La ricezione dell’atto non implica il diritto di proporre ricorso
La Corte di cassazione, con la sentenza n. 12867 del 14 maggio 2025, ha affermato un principio chiarificatore in tema di legittimazione processuale in ambito tributario: la sola notificazione materiale di un avviso di accertamento non conferisce, di per sé, il diritto di impugnarlo, se la pretesa tributaria non è rivolta alla persona fisica che riceve l'atto, ma a un diverso soggetto giuridico.
Il fatto
L'Agenzia delle entrate aveva notificato un avviso di accertamento, relativo a Ires, Irap e Iva per il 2011, ad una società, con sede dichiarata in Lussemburgo ma ritenuta "esterovestita" e di fatto operante in Italia.
L'atto, intestato esclusivamente alla società, veniva notificato presso la sede italiana, al suo rappresentante fiscale. Costui impugnava l'atto in proprio, in qualità di destinatario dell'avviso di accertamento, dichiarando di non possedere alcun potere rappresentativo formale né sostanziale.
La Commissione tributaria provinciale di Ferrara accoglieva il ricorso, accertando l'inesistenza della qualità di amministratore di fatto del ricorrente e dell'esterovestizione della società e ritenendo, di conseguenza, l'inesistenza della notifica dell'accertamento, effettuata a persona priva di legittimazione processuale nel rappresentare in giudizio la società.
Tuttavia, la Commissione tributaria regionale dell'Emilia-Romagna, accogliendo l'appello dell'Agenzia, aveva ritenuto valida la notifica, riconoscendo una presunta rappresentanza di fatto.
La Corte di cassazione ha dichiarato inammissibile il ricorso introduttivo del rappresentante fiscale per difetto di legittimazione attiva del rappresentante.
Il principio di diritto e la posizione della Corte
La Corte ha affermato il seguente principio:"La persona fisica alla quale sia notificato un atto impositivo, il quale non rechi nessuna pretesa tributaria (neppure in via solidale o sanzionatoria) nei suoi confronti, essendo intestato e diretto esclusivamente nei riguardi di una società, non è legittimata ad impugnarlo in proprio, neanche al fine di negare di possedere la qualità e il potere rappresentativo in ragione dei quali gli è stata indirizzata la notifica dello stesso atto."
La Cassazione ha distinto chiaramente la notifica dell'atto (atto di trasmissione formale), dalla titolarità del rapporto sostanziale (chi è realmente destinatario della pretesa tributaria).
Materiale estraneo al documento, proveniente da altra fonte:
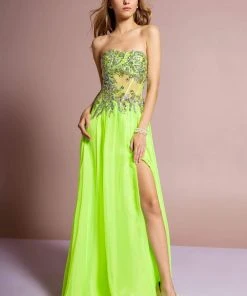 Elizabeth K - GL1085 Embellished Sweetheart Chiffon A-line Dress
Pertanto, la sola ricezione dell'atto non implica legittimazione ad causam se non esiste un interesse giuridico diretto e attuale.
La decisione si allinea a precedenti già espressi dalla Suprema Corte, dalle quali si evince un principio comune, secondo cui la mera ricezione della notificazione di un atto impositivo, inequivocabilmente diretto ed intestato ad un soggetto diverso, non legittima, di per sé sola, il ricevente all'impugnazione dell'atto notificatogli (Cassazione n. 9282/2012; Cassazione n. 29474/2021; Cassazione n. 26702/2022).
La Corte rigetta l'idea che la semplice attribuzione – anche erronea – di una qualifica rappresentativa basti a fondare un diritto all'azione, in assenza di un coinvolgimento diretto nella pretesa fiscale.
Se il soggetto ritiene di essere stato coinvolto in modo improprio (esempio presunta responsabilità di fatto), potrà contestare eventuali atti sanzionatori o di riscossione successivi, ma non l'avviso indirizzato esclusivamente alla società.
Conclusione
La sentenza n. 12867/2025 chiarisce in modo definitivo che l'interesse processuale deve coincidere con l'essere soggetto passivo della pretesa. Chi riceve un atto per ragioni organizzative o strumentali, ma non è parte del rapporto tributario, non può agire in giudizio per impugnarlo, nemmeno per smentire la qualifica a sé attribuita.